You may remember back in May we reported on the meltdown that occurred in sections of the national press after Bournemouth, Christchurch and Poole Council scandalously – scandalously, I tell ya – painted bicycle symbols in the middle of lanes in Boscombe, as part of resurfacing works in the Bournemouth suburb.
The council said at the time that the new road markings on the A35 Christchurch Road and between Browning Avenue and the Christchurch Road roundabout were added to encourage cyclists to take a “prominent” position on the road, to “make them more visible to other motorists”.
While bike symbols in shared use lanes have been used in the UK since 1975, the installation of a decades-old road marking in Bournemouth resulted in both the MailOnline and Daily Telegraph, in between bouts of frothing no doubt, penning articles claiming that the symbols encourage cyclists to “ignore” the town’s dedicated bike lane.
> Bike lane meltdown: New road markings prompt Mail to ask, “is there any room left for cars?”
“Cyclists are being encouraged by council officials to ignore a dedicated cycle path and use a busy main road instead in an attempt to force traffic in the town centre to slow down,” the Mail said.

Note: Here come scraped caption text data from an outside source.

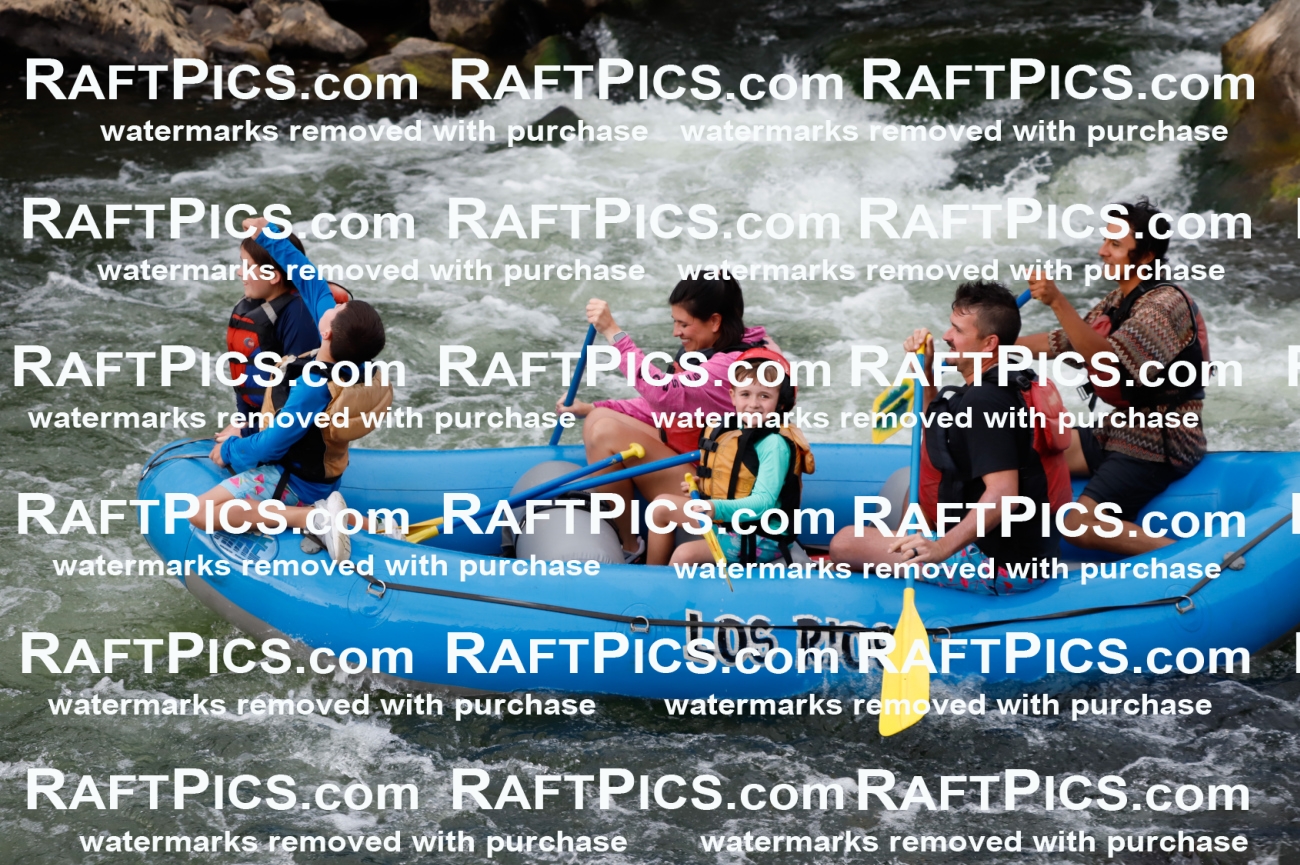 025836_RaftPics_August_05_LosRios_Racecourse_PM_Raul_TC_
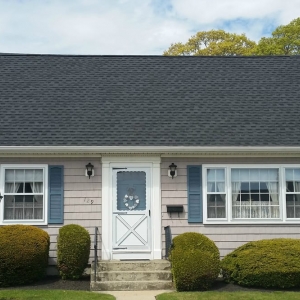 Photo of Pro Quality Home Improvements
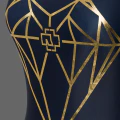 Thumbnail for version as of 22:18, 13 May 2026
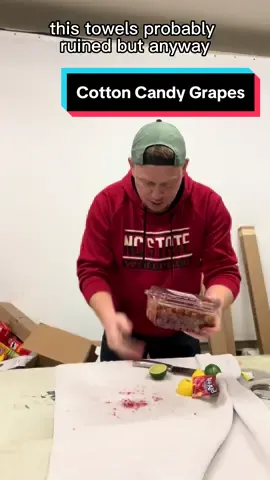 Youre gonna want these in your mouth! 🤯 #food #yum #tips @Jordan_The_Stallion8 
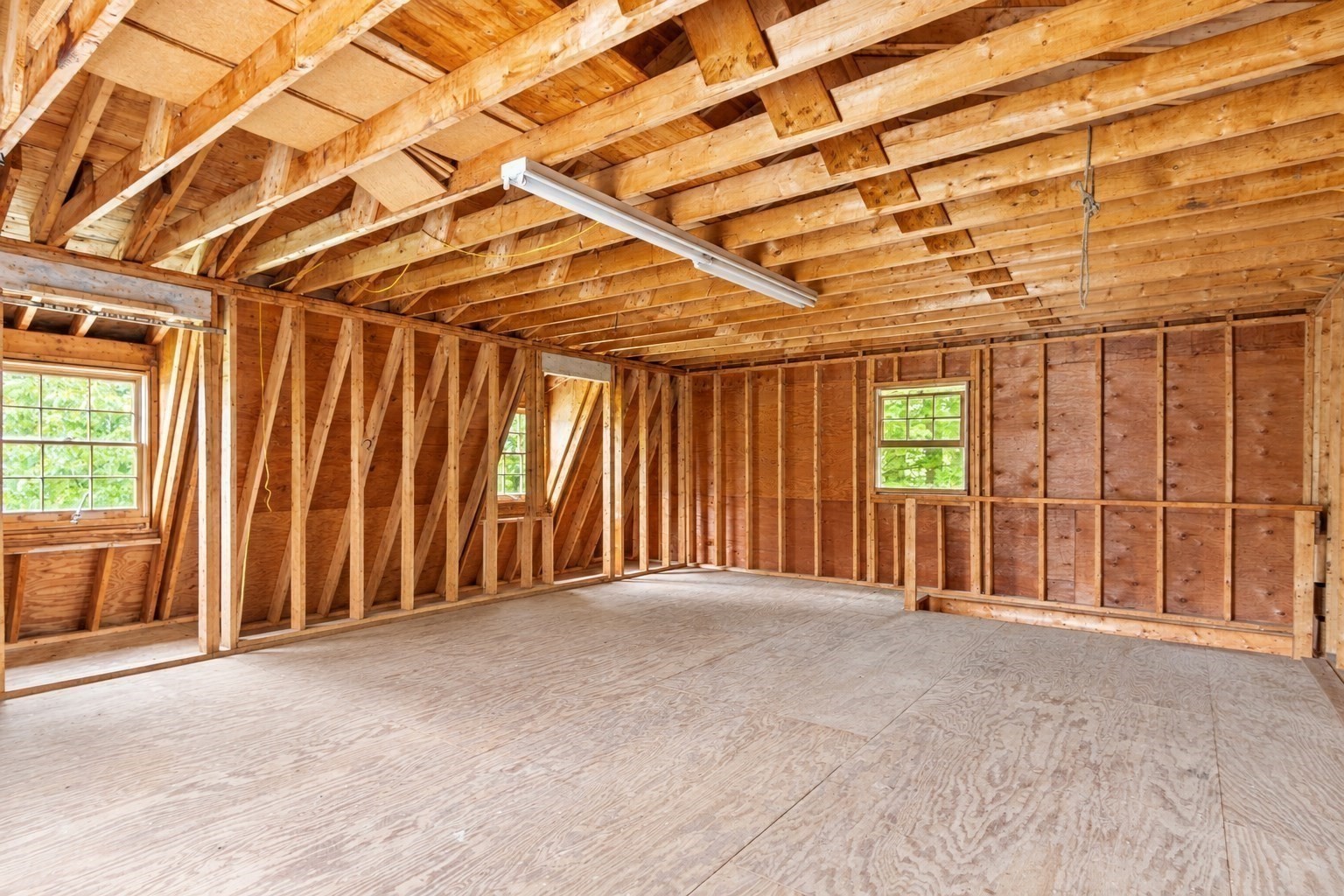 4 Algonquin Road Chelmsford, MA 01824 - Photo 29 of 31 Gallery Image 29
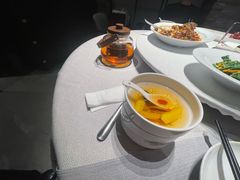 -望京辣宴·古法川菜(望京店)
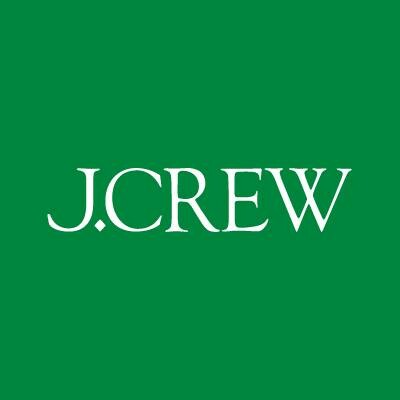 J.Crew Logo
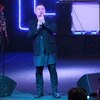 Алексей Макаров, 24, г.Днепр Алексей Макаров, 24, г.Днепр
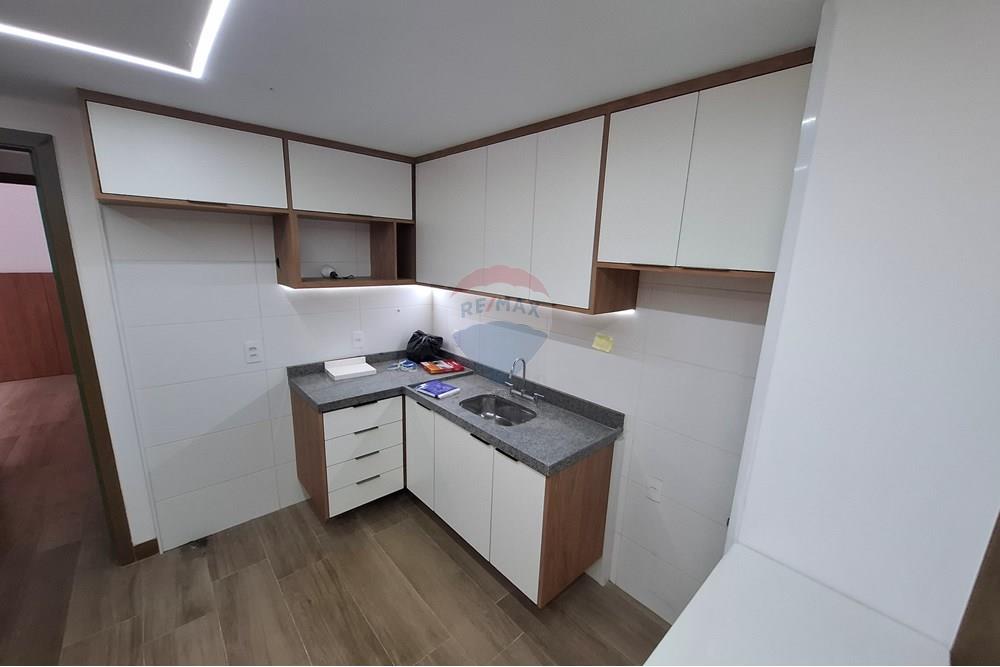 Apartamento - Alugar - Teresópolis , Rio de Janeiro - 20251110_132555.jpg - 630191064-61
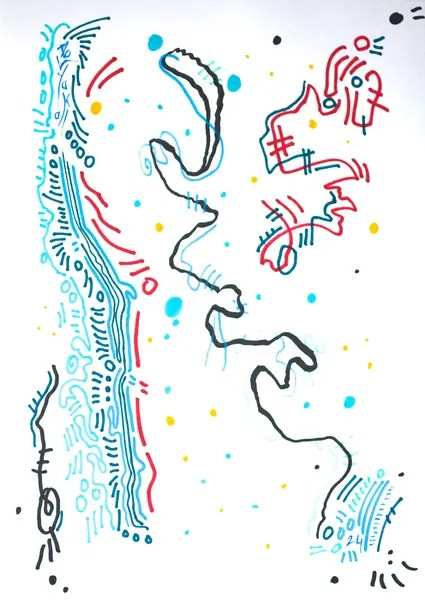 D.A. N° : 068-Miniature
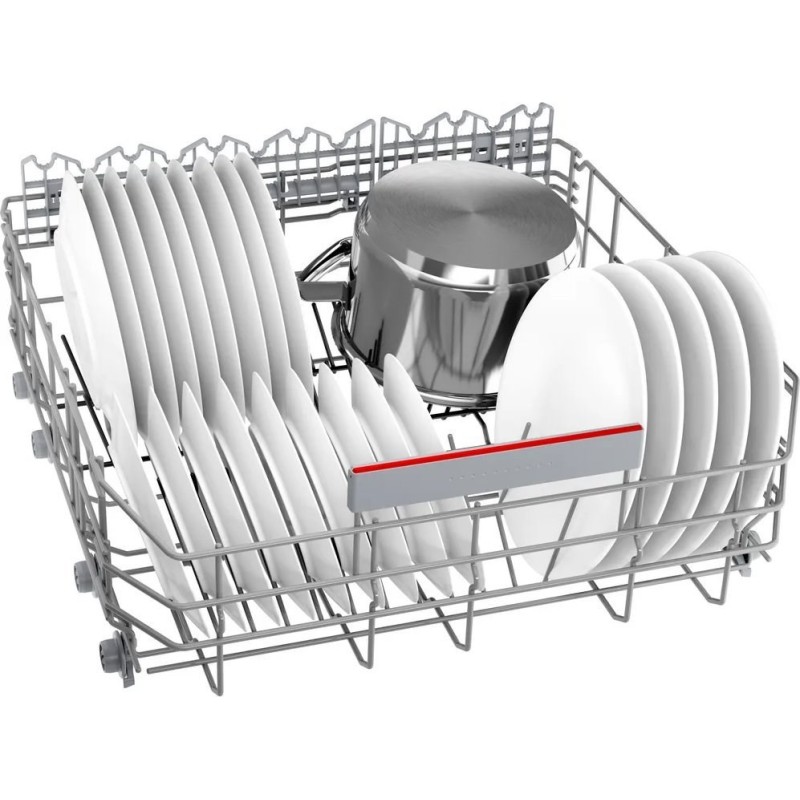 Built-in dishwasher BOSCH SMI4ECS28E Built-in dishwasher BOSCH SMI4ECS28E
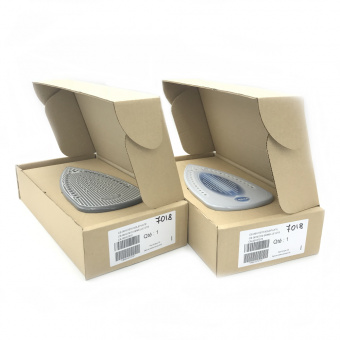 Подошва утюга для парогенераторов Tefal CS-00127272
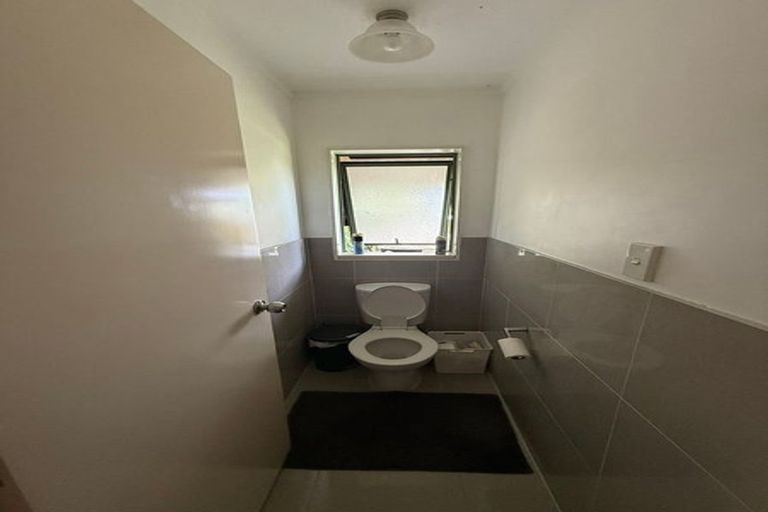 Photo of property in 187 Te Irirangi Drive, Flat Bush, Auckland, 2019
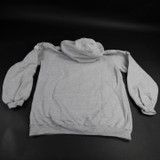 adidas Sweatshirt Men's Gray Used L TOPS-150504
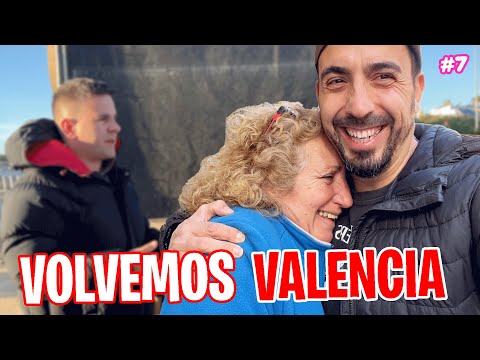 Nuestros VlogMas NO son tan NAVIDEÑOS por esto...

“Although cyclists have the use of the 7ft wide bike lane alongside the A35 in Bournemouth, Dorset, large bike symbols have been painted on the main road as well.”
The Mail then described the markings as the “latest move by the authorities to drive cars off the road” and included in their headline the question: “Is there any room left for cars?”
Those pesky, lycra-clad cyclists, always ignoring those lovely, narrow bits of paint we kindly offer them…
So, how are Boscombe’s cycle lanes doing, two months after the press extolled their virtues so lovingly?
Well, one Bournemouth resident has been taking note of the bike lanes in question on the Christchurch Road as he drives to work every morning… and, you guessed it, they’re full of parked cars:
Dean Hawthorne has told the Bournemouth Daily Echo that he will record the constant parking in bike lanes – which he describes as an “accident waiting to happen” – until “something is done”.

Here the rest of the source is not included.